Media reports have suggested that Germany’s Commerzbank will have to slash thousands of additional jobs to make the lender more profitable again. The cuts will be part of a larger restructuring drive.
Germany’s second-largest lender would need to shed some 5,000 positions more, the “Wall Street Journal” reported in its online edition on Friday.
It said the proposed cuts would mainly hit administrative and managerial workers.
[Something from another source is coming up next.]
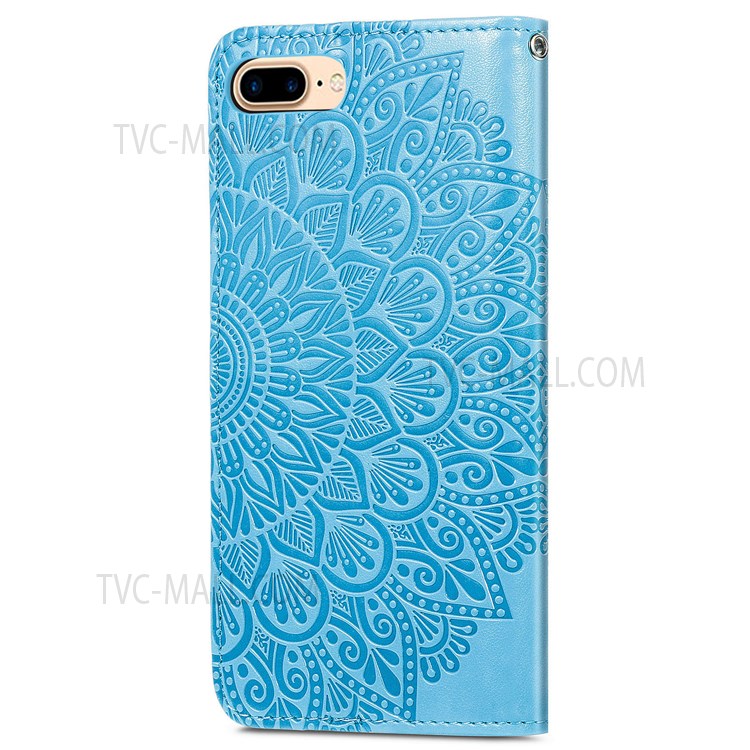 For iPhone 7 Plus/8 Plus 5.5 inch TPU+PU Leather Mobile Phone Case Imprinted Dream Wings Pattern Wallet Flip Cover with Strap - Blue-2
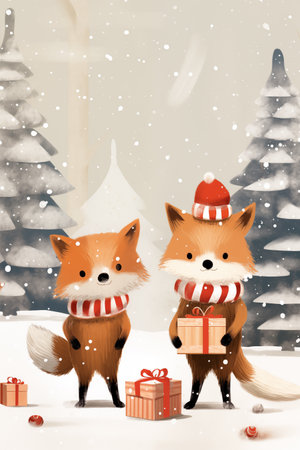 Christmas card with cute foxes holding gift boxes.の素材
Germany’s “Frankfurter Allgemeine Zeitung” had earlier reported that Commerzbank under its new CEO Martin Zielke would even have to slash at least 10,000 positions in addition to the 5,000 jobs the lender had already shed under Zielke’s predecessor, Martin Blessing.
Commerzbank was not immediately available for comments, but insiders said the supervisory board would make the details of the cuts public on September 28.
In quoting its own sources, Reuters said 5,000 jobs would have to go, marking a 10-percent reduction in the lender’s overall workforce of roughly 50,000. That would match the dimension of job cuts at Germany’s biggest lender, Deutsche Bank, where some 9,000 positions are to be done away with according to current restructuring plans.
Media reports suggested that streamlining effort at Commerzbank would also include the dissolution of its current banking unit for small and medium-sized companies.
Client companies with an annual turnover of up to 5 million euros ($5.6 million) would be dealt with by the consumer banking division, while larger customers would be taken care of by the lender’s investment banking segment, the reports said.
Commerzbank has been struggling to cope with the impact of stricter regulations in the wake of the global financial crisis. In addition, the protracted period of low interests has eaten into the bank’s profits.